Over 200 nations have agreed at a UN meeting in Montreal to accelerate the phase-out of refrigerants that destroy the ozone layer. But some experts are warning that the revised agreement may spur developing countries - especially China - to churn out more ozone-depleting hydrochlorofluorocarbons (HCFCs) in the short term.

The deal updates a timetable agreed in Montreal 20 years ago, which allowed developing countries to increase their HCFC production until 2016, and maintain that level until 2040.

But that timetable is now seen as too lenient. Demand for air conditioning in China and India is booming and matters have not been helped by the US  accepting HCFCs in Chinese imports until 2010 despite phasing out domestic production. 

Now, under the new agreement, developing countries must freeze production by 2013, at the average 2009-10 production levels. They must then phase out HCFC use by 2030 - a 10 year advance on the previous target. Developed countries have also agreed to push forward their target by 10 years - phasing out HCFCs by 2020. 

HCFCs are used as blowing agents in insulating foams as well as coolants in air conditioning and refrigerating systems. They replaced the older and even more ozone-damaging chlorofluorocarbons (CFCs) in the 1990s, but were never meant to be permanent substitutes. 

In developed countries, they are already being replaced by blends of hydrofluorocarbons (HFCs) or hydrocarbons which are kinder to the ozone layer. Many of the HFCs are potent greenhouse gases, but improved technology - reducing leaks and meaning less coolant is used in air conditioning systems - has already cut down on their climate impact.

Carbon dioxide is an even more friendly replacement. If its use became widespread, then phasing out HCFCs would make the Montreal Protocol more effective than the Kyoto Protocol at cutting greenhouse gas emissions.

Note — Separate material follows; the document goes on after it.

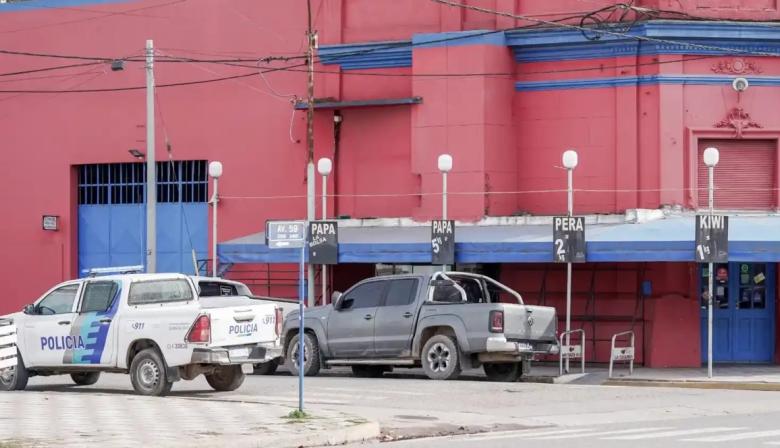 Robaron una verdulería tras ingresar por el techo y se llevaron dinero de la recaudación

But it is unlikely that the deal will stop China building new refrigerant plants to meet demand, said Lambert Kuijpers, co-chair of the Montreal protocol's Technical and economic assessment panel. Instead, he thought, China would look to push its baseline rate for the HCFC production freeze as high as possible. 

It's not clear how much converting to non-HCFC-based replacements afterwards will cost: developed countries have spent over $2 billion so far helping developing countries cut production of their ozone-depleting chemicals. A study reporting back in early 2008 will estimate how much more they have to give to fund the acceleration.

Meanwhile, attention is focusing on UN climate talks in Bali, Indonesia, in December. This week, preliminary talks in New York are paving the way for Bali's climate change discussions, which it's hoped will establish a successor to the Kyoto Protocol on reducing greenhouse gas emissions - due to end in 2012. US president George Bush is also holding his own climate summit in Washington, DC, at the end of this week.